LONDON, Feb. 5 (Xinhua) -- More than five years after the financial crisis, tensions in global financial markets, notably those in Europe, have eased in recent months, the London-based think-tank National Institute for Economic and Social Research (NIESR) has said.
In its latest global economic forecast published on Tuesday, NIESR's principal research fellow Dawn Holland attributed such improvements to the EU's commitment to maintaining the integrity of the eurozone and U.S. agreements over "fiscal cliff" to avoid the most tightening measures that would have pushed the economy toward recession.
"The firm decision by policy makers to support the Euro area in its current form and not allowing a dissolution has calmed the situation significantly and we have seen financial markets in particular respond to that," said Holland.
However, the expert warned the global economy would remain weak and fragile, with this year's growth expected to be 3.3 percent and 3.7 percent in 2014, well below trend growth of 4-4.25 percent.
In addition, world trade, up 3 percent last year, was also significantly below trend growth of 6 percent.
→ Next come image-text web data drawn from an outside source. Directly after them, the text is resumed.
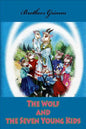 The Wolf and the Seven Young Kids - Paperback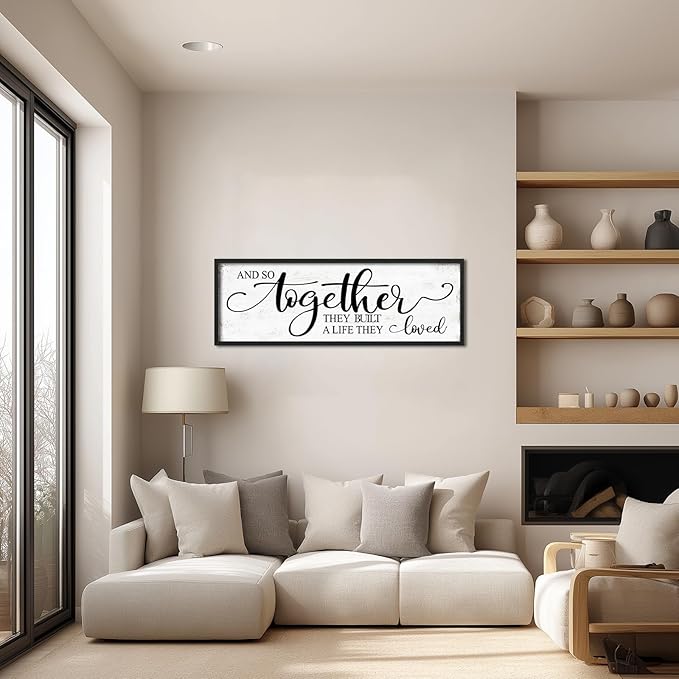 And So Together They Built A Life They Loved Wall Decor: 48''×16'' Framed Rustic Farmhouse Master Bedroom Sign Above Bed, Love Quote Wall Art for Living Room, Guest Room & Family Home Decor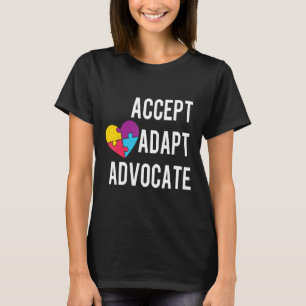 Autism-Autism Awareness Accept Adapt Advocate Aut T-Shirt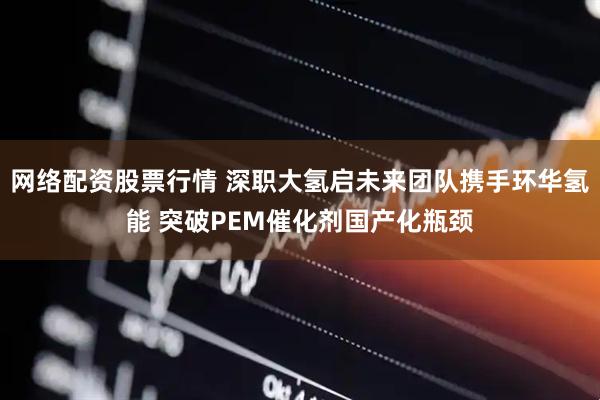 网络配资股票行情 深职大氢启未来团队携手环华氢能 突破PEM催化剂国产化瓶颈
The figure this year is expected to remain well below trend, too.
The report said output in eurozone is expected to contract in 2013 given falls in Greece, Italy, Portugal, Spain, Slovenia and France while it forecast a 1.4-percent rise for Japan and a moderate 2.4-percent growth for the United States.
Holland said momentum to strengthen the global economy was undermined by "an impaired and opaque banking system" and fiscal austerity measures, especially in Europe.
Most significant growth was also undermined by a lack of confidence among households and businesses, who had been consistently disappointed by the failure of policy initiatives to improve the global economy.